> We agree that our bit security estimates might not precisely capture
> the difficulty of these challenges.
My concern here is not with the level of precision. My concern is with
new strawman security estimates being incorrectly labeled as being part
of the security foundation of the McEliece system.
If these new estimates are (unsurprisingly) broken by the techniques
that I cited, then the "security foundation"/"McEliece"/... labeling
will make people believe, incorrectly, that the break is a problem for
the McEliece system. The labeling should be fixed.
The new FAQ entry exacerbates this problem by indicating, incorrectly,
that these challenges are simply the result of "down-scaling" normal
parameter selection to reach "approachable" sizes. This was already
suggested by the "reduced-size" terminology but is now more explicit.
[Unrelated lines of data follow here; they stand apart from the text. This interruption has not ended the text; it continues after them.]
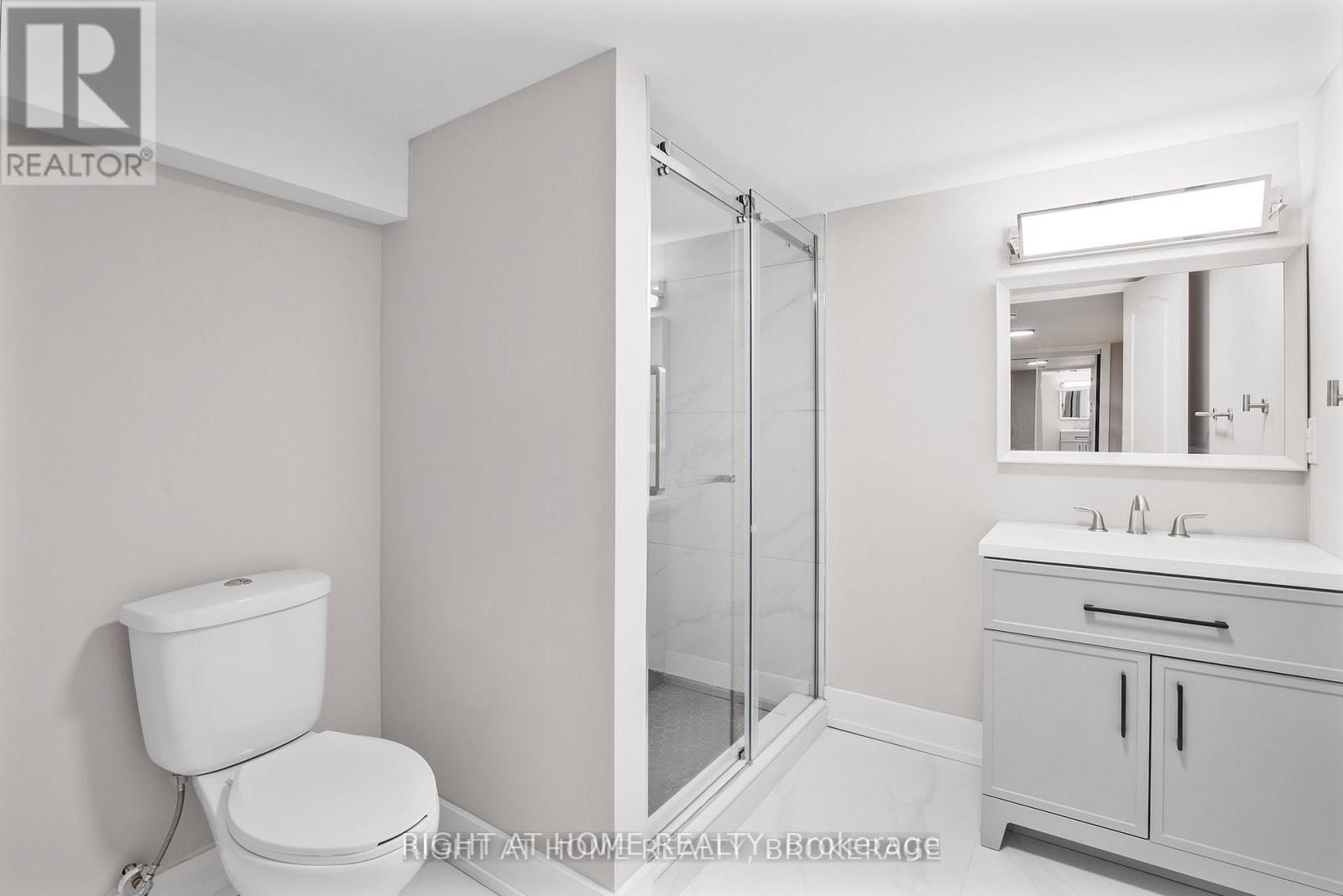 Lower - 347 Mapledene Drive, Hamilton, Ontario  L9G 2K3 - Photo 8 - X12673848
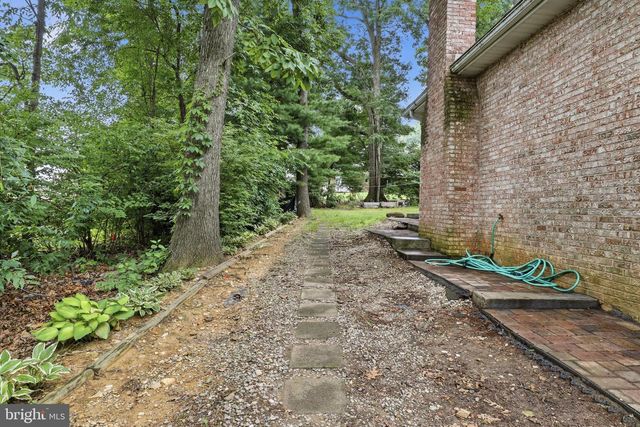 3729 SILVERWOOD DR, York, PA 17402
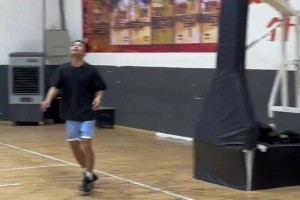 追夢(mèng)為百分戰(zhàn)訓(xùn)練，不得不說這投籃是真準(zhǔn)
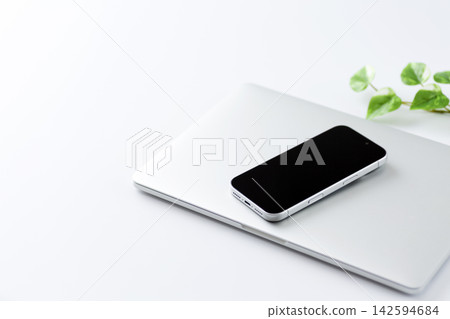 Laptop computer and smartphone Laptop computer and smartphone 142594684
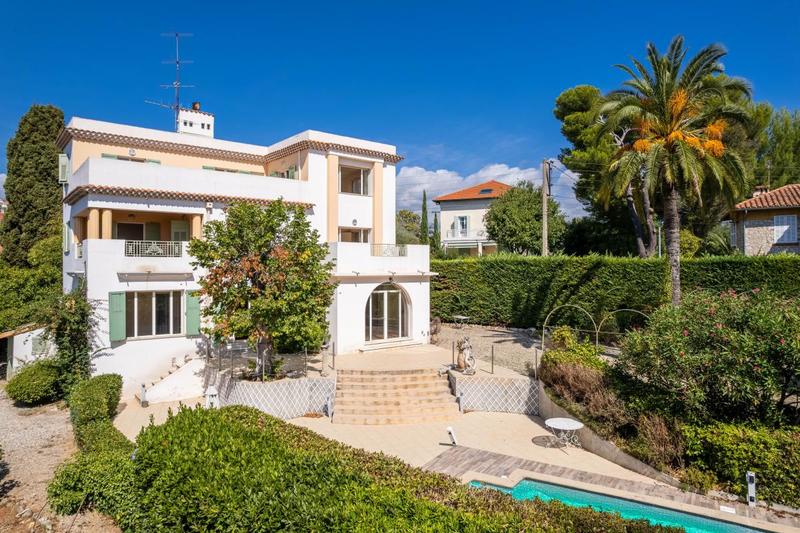 Maison - 201 m² - 7 pièces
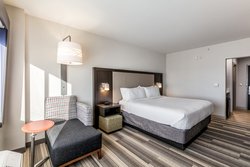 - Holiday Inn Express & Suites Northeast Jersey City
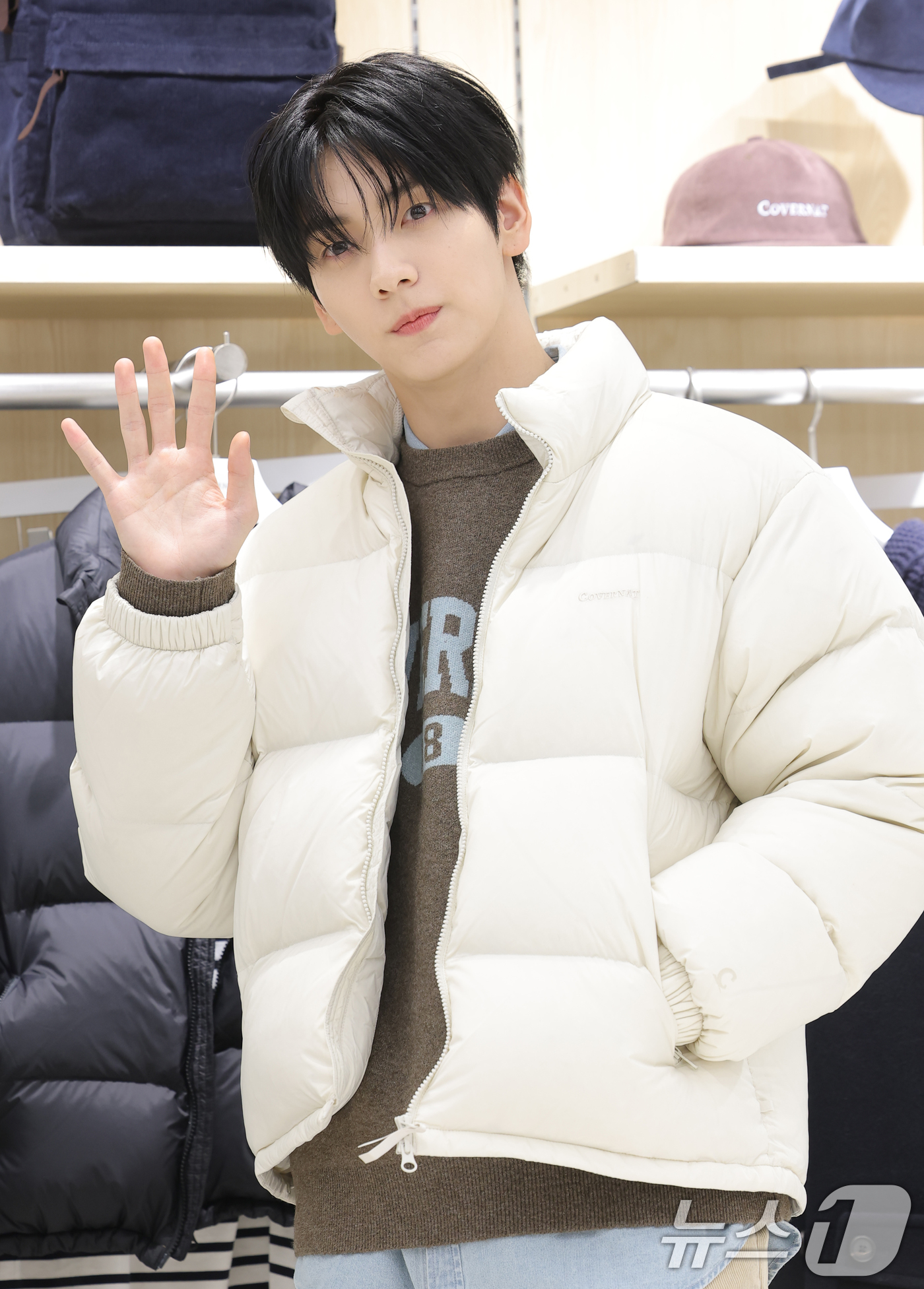 (서울=뉴스1) 권현진 기자 = 투모로우바이투게더(TXT) 수빈이 30일 서울 성동구 커버낫 성수 플래그십에서 열린 오픈 기념 행사에 참석해 포즈를 취하고 있다. 2025.10.3 …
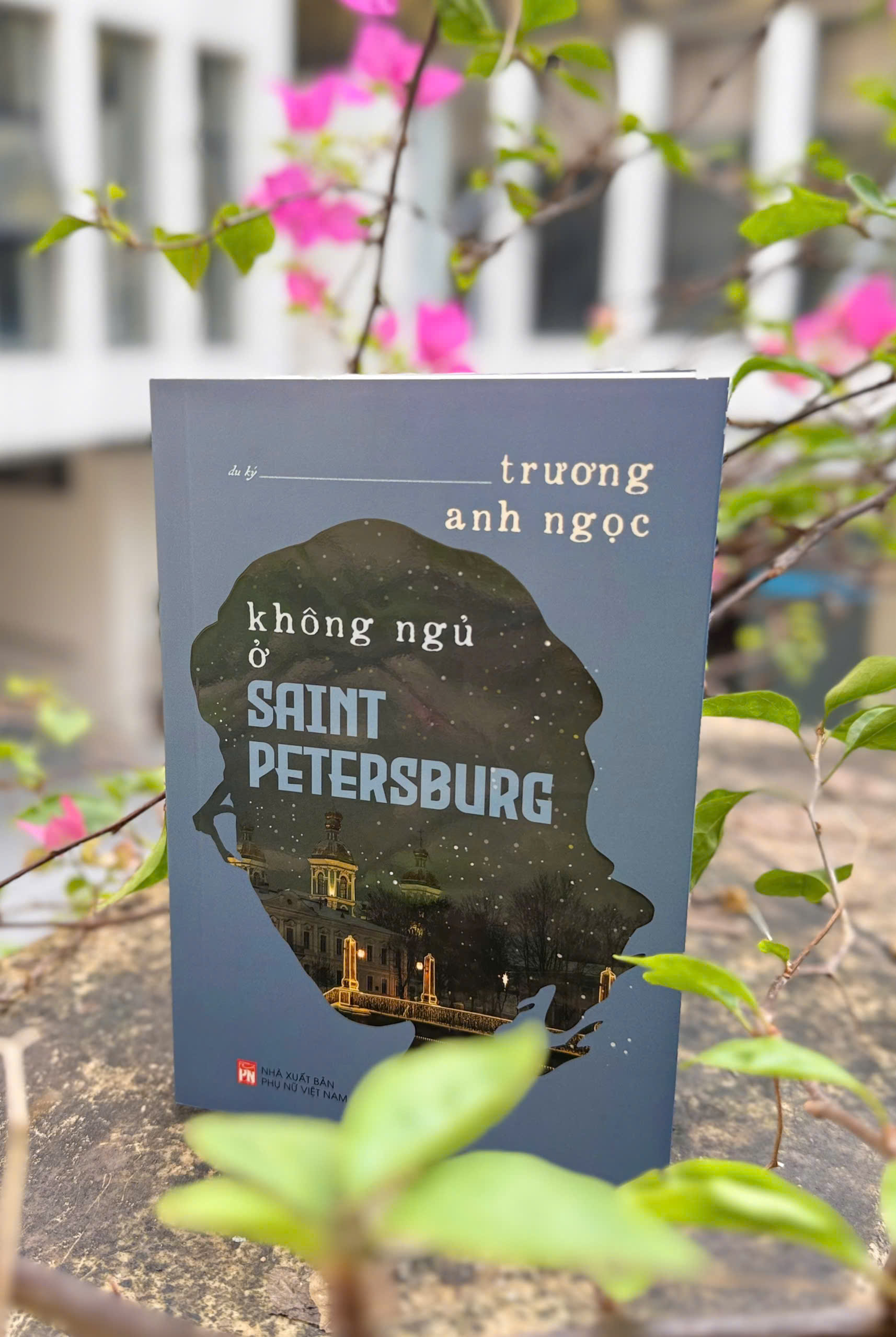 Không Ngủ Ở Saint Petersburg - Ảnh 4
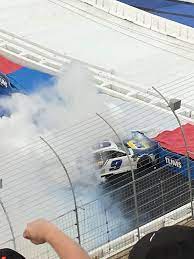28.03.2018 · this was a fun video to put together. Chase Doing A Burn Out On The Wall That He Wrecked In Earlier Nascar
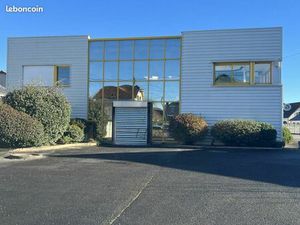 Local commercial 1 300 m²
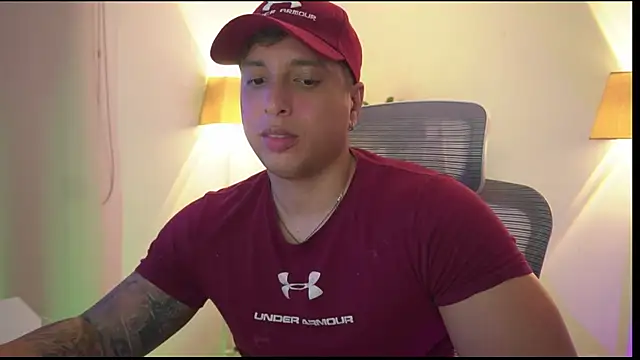 Snapshot of appolo_allen chatting on November 2025 03:28:01 AM appolo allen online show from November 2025 03:28:01 AM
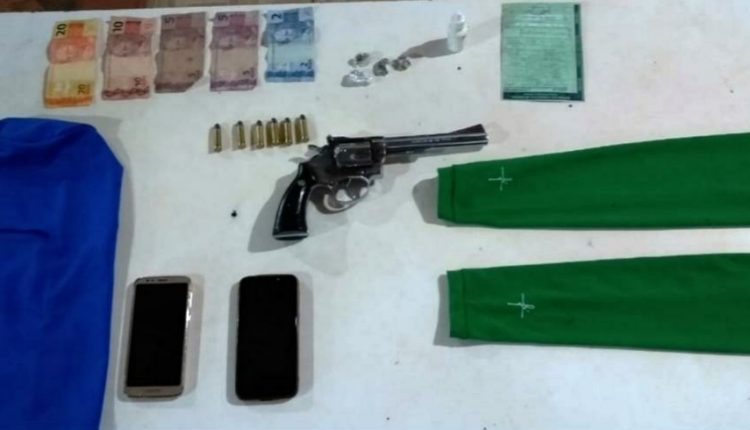 POLÍCIA MILITAR PRENDE DUPLA DE ASSALTANTES E RECUPERA OBJETOS ROUBADOS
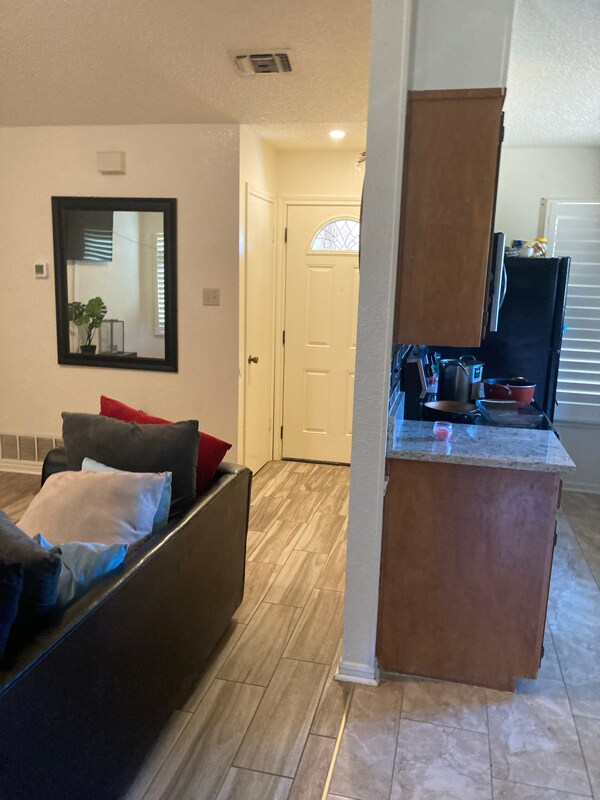 Building Photo - 101 Bridle Dr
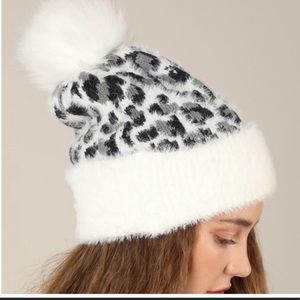 BOUTIQUE- IVORY LEOPARD FAUX FUR POM BEANIE
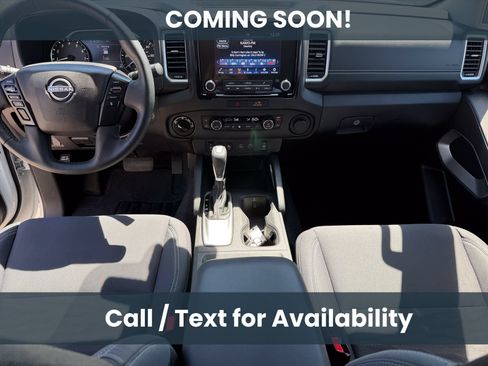 Used 2023 Nissan Frontier SV w/ SV Convenience Package AWD/4WD image 9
As a concrete example, describing the challenge
{"n": 1008, "k": 898, "t": 11, "m": 10, "bitcomplexity": 252.052342314491}
as the result of "down-scaling" makes people think, incorrectly, that
this 2^252 is the result of scaling down security estimates that the
literature gives for cryptographic sizes.
Even if the "bitcomplexity" number is ignored, the "t" is surprisingly
small. One consequence is that the rate k/n = 898/1008 is very close to
the 92% cutoff for the
https://eprint.iacr.org/2010/331 distinguisher.
It's well known that a feasible search will change the numbers a bit so
such cutoffs shouldn't be treated as sharp edges.
I'm not saying distinguishers necessarily turn into attacks. The point
is that this parameter set is not following normal parameter-selection
procedures. Normal parameter selection uses rates between 70% and 80%,
with much larger values of t than this challenge, many more choices for
the secret Goppa polynomial, and a much larger security margin against
key recovery.
For example, the smallest selected Classic McEliece parameter set has
(n,k,t) = (3488,2720,64), with rate 78%. The recommended 6688 and 6960
parameter sets have rates 75% and 78% respectively. The reasonably
scaled parameter set in
https://decodingchallenge.org/goppa/record/26
has (n,k,t) = (1347,1072,25), with rate 80%.